Madison, Wisconsin Inclusionary Zoning Ordinance

Manna, Inc.

Fall 2006

In July, 2006, the Common Council in Madison amended its Inclusionary Zoning (IZ) ordinance (officially adopted in 2009; see the new ordinance at http://legistar.cityofmadison.com/attachments/6d209e52-df91-4561-94d2-55026dabc5d6.pdf), the second of its kind in the Midwest, in response to perceived resistance of buyers of IZ homes to the permanent resale restrictions in the original ordinance. The original ordinance included a formula intended to preserve long-term affordability of IZ units.  The formula determined what percentage of appreciation (between 0 and 50%) the homeowner could realize in order to keep the IZ unit affordable to the next eligible purchaser.  The restrictions were permanently tied to the particular IZ unit. For the new

After 18 months, the City conducted a study of the IZ program and found that one major concern was that “it is difficult to attract potential buyers to discuss the purchase of inclusionary units.  Some cite the complexity and effect of the equity sharing model in the ordinance.” (p. 21, Inclusionary Zoning Ordinance Evaluation Study, Madison, WI,http://legistar.cityofmadison.com/attachments/3243.pdf)

The new ordinance, adopted in July, releases IZ units from permanent resale restrictions and initiates a model whereby the City and the owner/seller share the proceeds of sale.  The new model substitutes a City share of the sale proceeds for long-term affordability of the original IZ unit.  The City share that is recaptured upon resale is placed in a fund to subsidize future affordable homes.  This new model provides incentives for the IZ homeowner to maintain and improve the home, allows the homeowner to build equity and take risks commensurate with the market, provides the City with a permanent source of funding for affordable housing development that increases as the market increases, and gives the flexibility and opportunities of homeownership to lower-income households.
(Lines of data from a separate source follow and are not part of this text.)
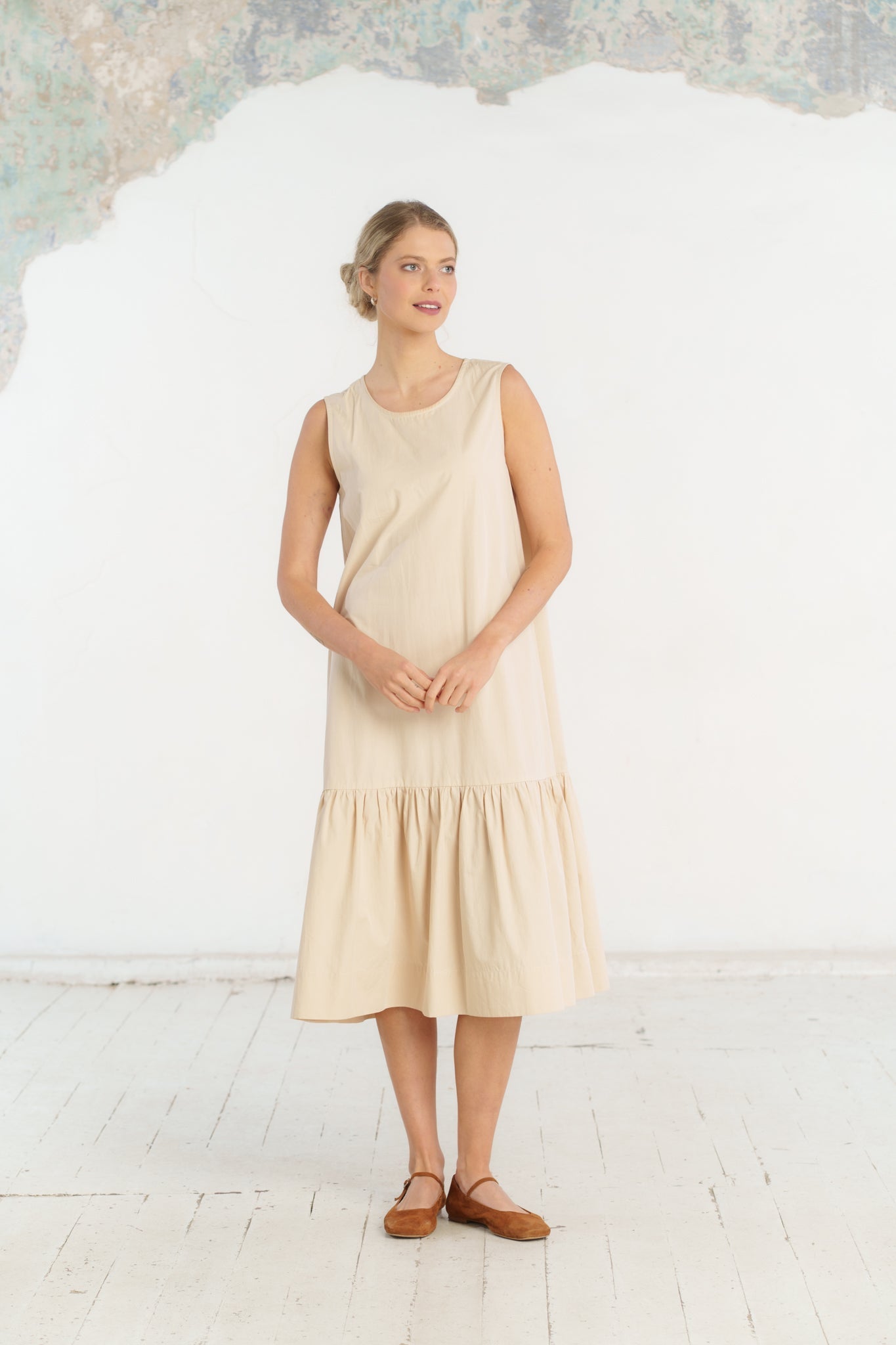 Tulip Petticoat, Sleeveless, Beige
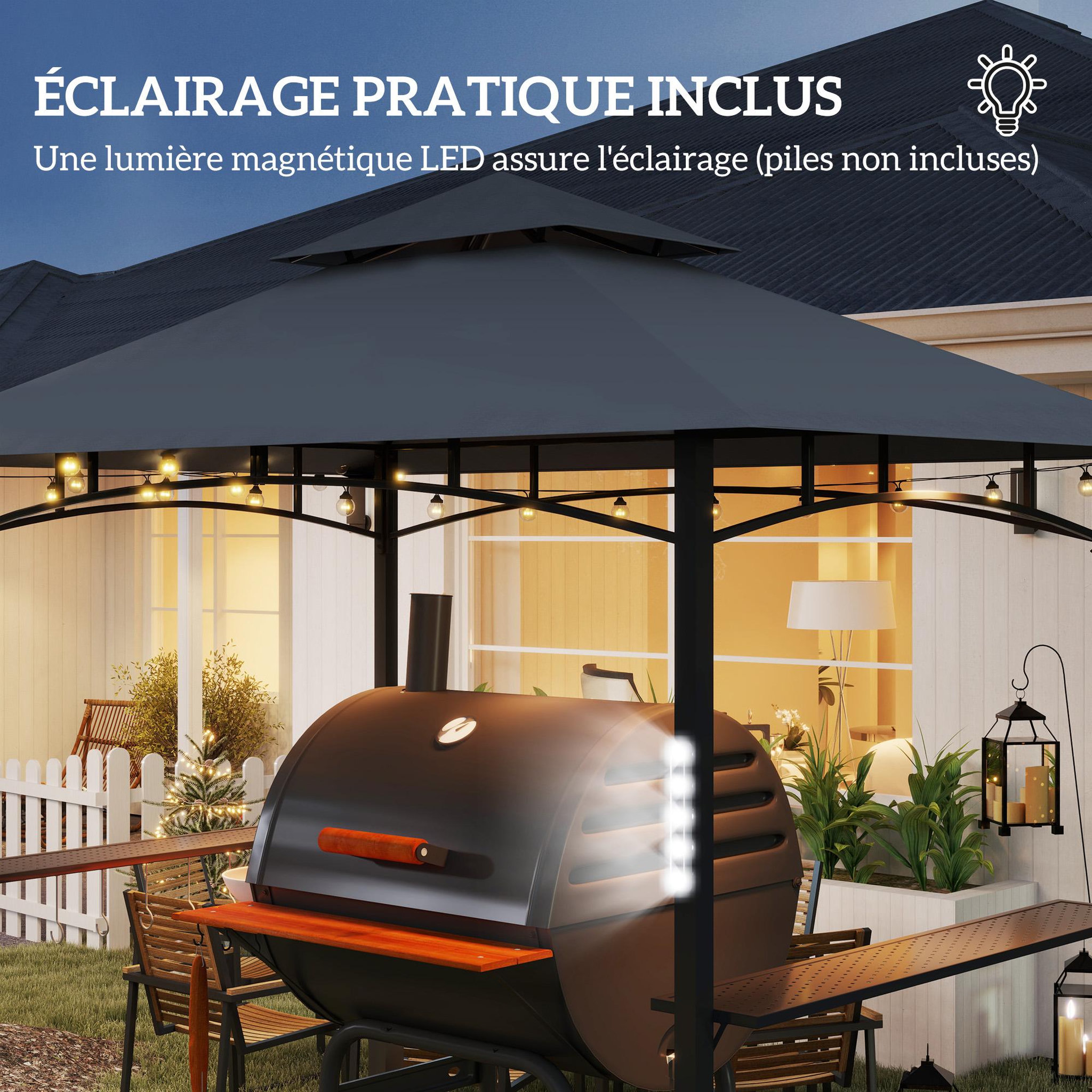 Voir la diapositive 5 : OUTSUNNY Abri pour barbecue - 2 étagères, 8 crochets, lumière LED, décapsuleur - métal noir tissu gris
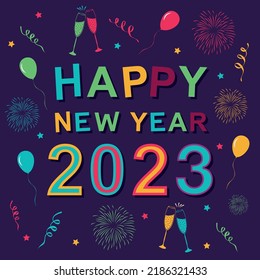 Happy new year 2023 with confetti and fireworks.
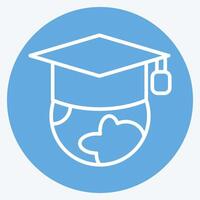 Icon Global Education. related to Learning symbol. blue eyes style. simple design illustration vector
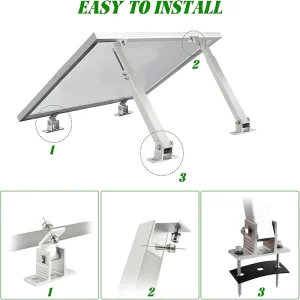 PV Roof Mounting Brackets with Adjustable Hanger Bolt and Rear Leg for Tile Roofs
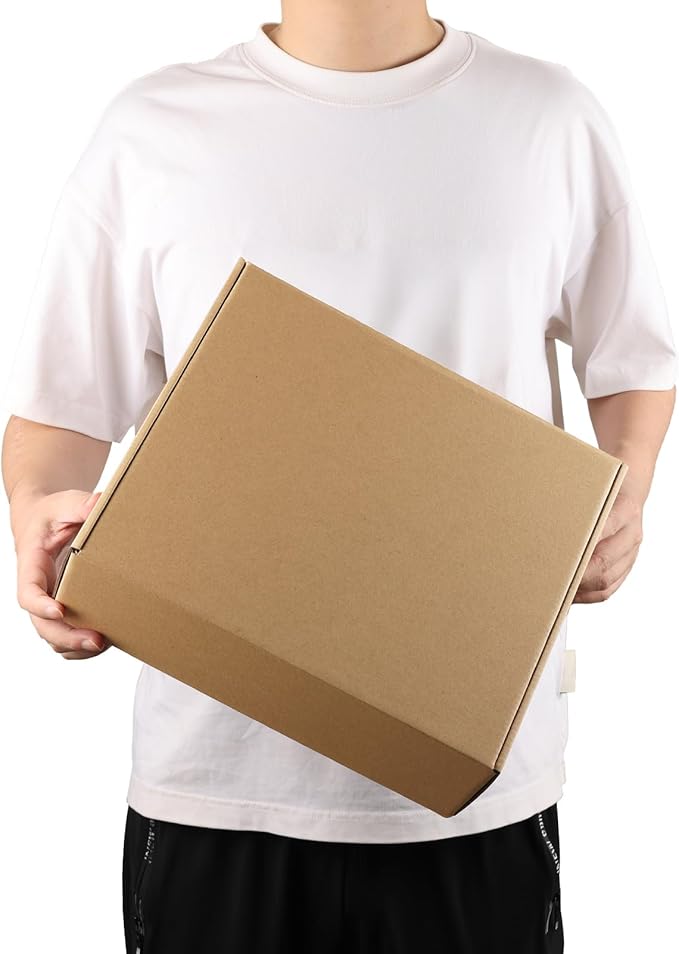 12x10x4 inch Shipping Boxes Set of 15 Brown, Inner Size 11.6x9.6x1.6 inch Cardboard Box Mailers for Small Business Packaging Mailing or Gift Wrapping Giving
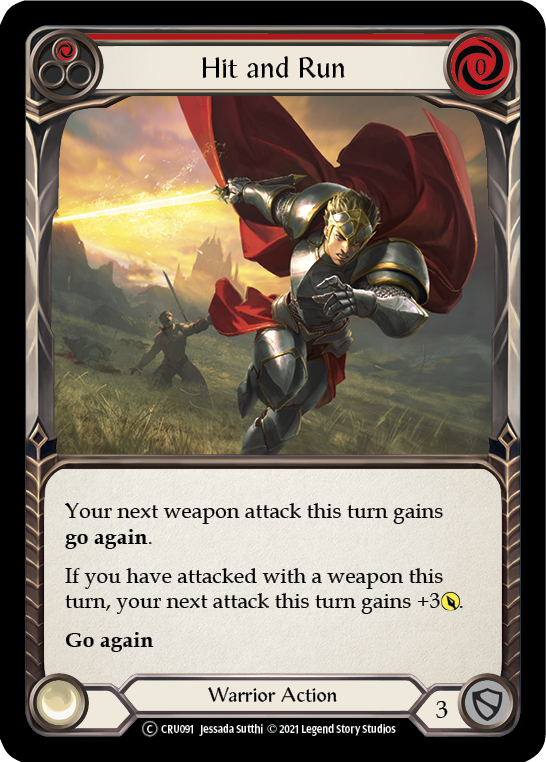 Hit and Run (Red) [U-CRU091] (Crucible of War Unlimited)  Unlimited Rainbow Foil | Tables and Towers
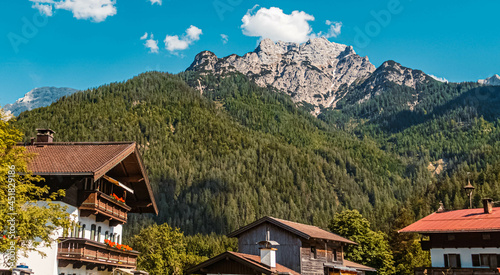 Beautiful alpine summer view with the famous Loferer Steinberge mountains in the background near the Steinplatte summit, Waidring, Tyrol, Austria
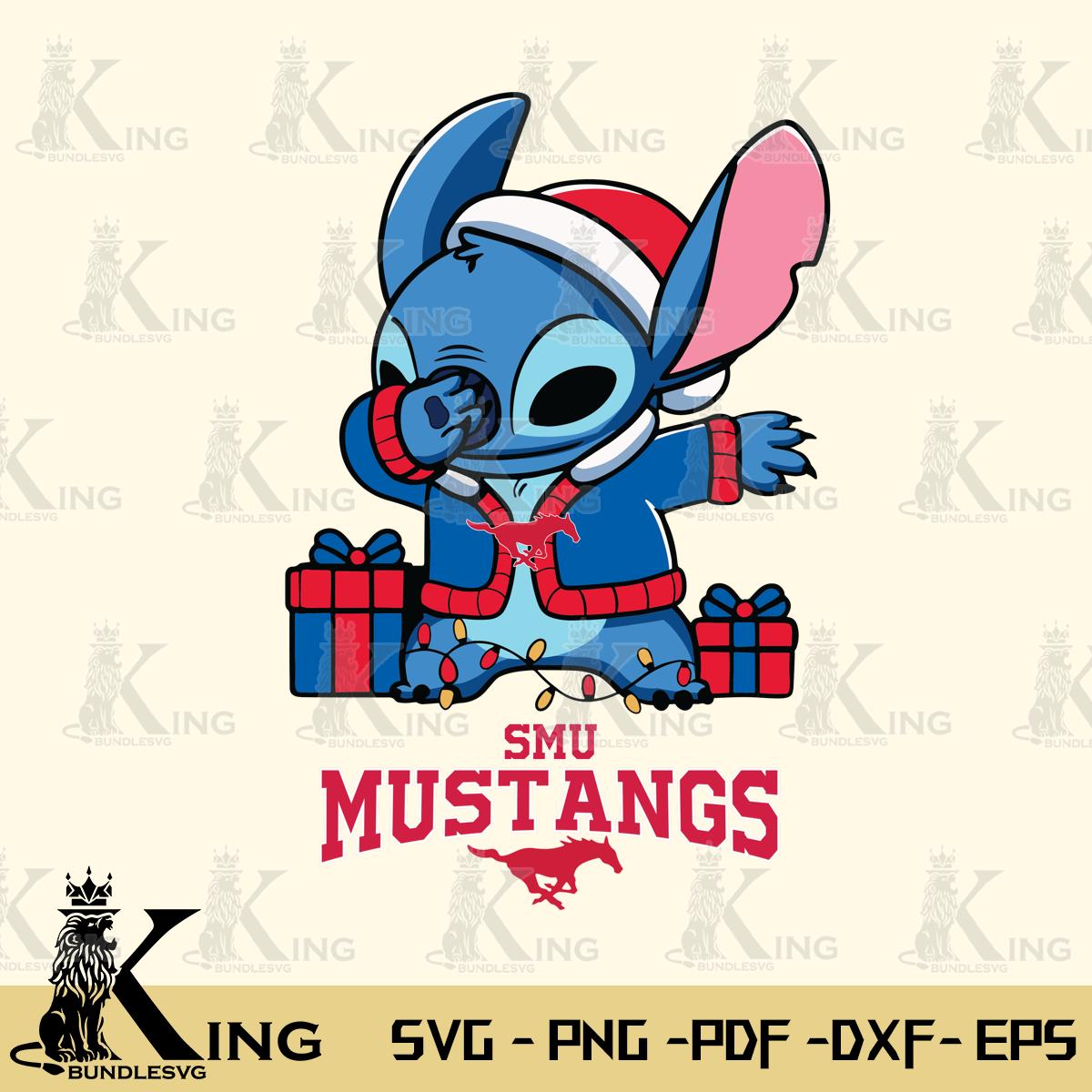 SMU Mustangs Stitch Merry Christmas Svg Eps Dxf Png File, Digital Download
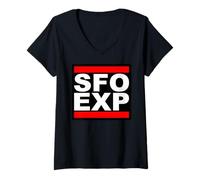 Women's San Francisco Expat SFO EXP Digital Nomad LA Abroad USA V-Neck T-Shirt
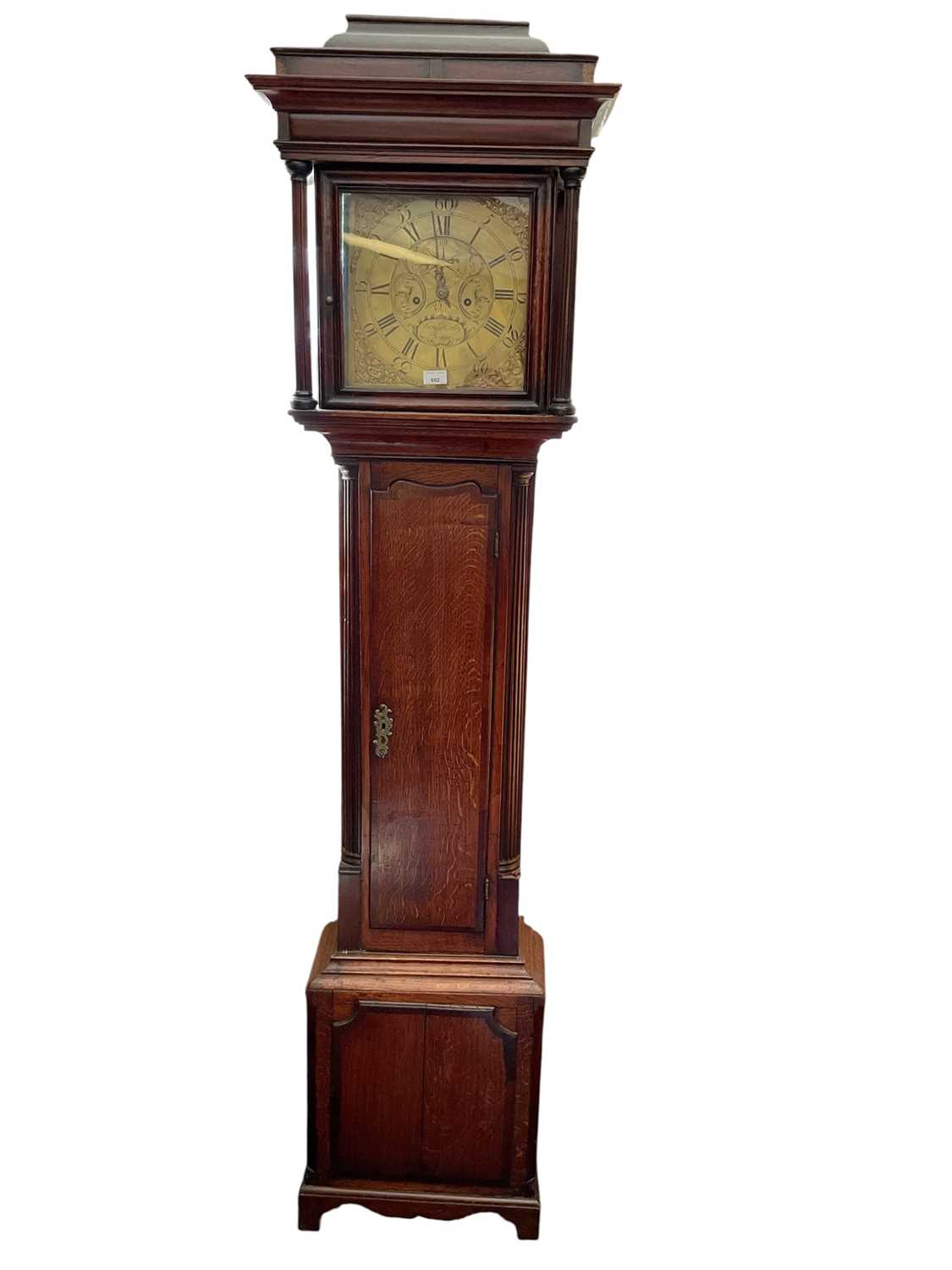 Lot 602 - George II oak and mahogany longcase clock, by Sam Harley, Salop
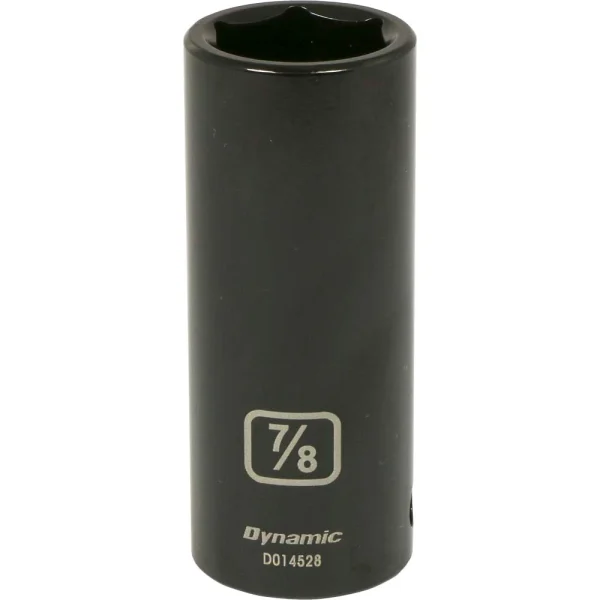 Dynamic Tools 1/2" Drive 6 Point SAE, 7/8" Deep Length, Impact Socket (D014528)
For example, in simple terms, an IZ unit is assessed to be worth $300,000, but an eligible buyer can only afford to pay $200,000.  The City’s interest is 1/3, or 33%, of the IZ unit.  Fifteen years later, the homeowner sells the IZ unit at its assessed market rate, now $400,000, and pays the City 95% of its interest in the property, which is $126,654 that the City will then recycle into further affordable housing development.  The owner/seller can now take his proceeds, $273,346, and put them toward a larger home, a college education for his kids, etc.

Subsection 26.9 of Madison IZ Ordinance

(h) Distribution of proceeds from sale of an owner-occupied Inclusionary Dwelling Unit.

1. At the time of the qualifying sale of an owner-occupied inclusionary dwelling unit, the income eligible family shall provide the City with a promissory note, secured by a second mortgage, for an amount that is the percentage difference between the appraised value of the unit, determined within thirty (30) days prior to the sale, and the sales price of the unit. The resulting City percentage share of the value of the inclusionary dwelling unit shall be the percentage of the total value represented by the difference between the appraised value and the sales price divided by the appraised value of the inclusionary dwelling unit.

2. At the time of the sale of an inclusionary dwelling unit, the amount of the sale proceeds paid to the City shall be the City’s percentage share of ninety-five percent (95%) of the sales price of the inclusionary dwelling unit. This provision applies to all inclusionary dwelling units sold by income eligible families before or after the effective date of this amendment.

3. Any proceeds of a sale that are remaining after the seller’s share shall be deposited in the Inclusionary Zoning Special Revenue Fund.

4. The seller cannot offer the inclusionary dwelling unit for sale at a price below the assessed value unless approved by the Director of the Department of Planning and Development.

Conclusion

Stakeholders, housing advocates, City officials, developers and non-profit housing providers in Madison, Wisconsin observed that their IZ program created significant barriers for lower-income residents and changed the affordability requirements from a permanent resale restriction tied to IZ units to a Recapture/Recycle model that gives lower-income homebuyers the opportunity to build equity and the City the ability to recapture public investment and recycle the proceeds into further affordable housing.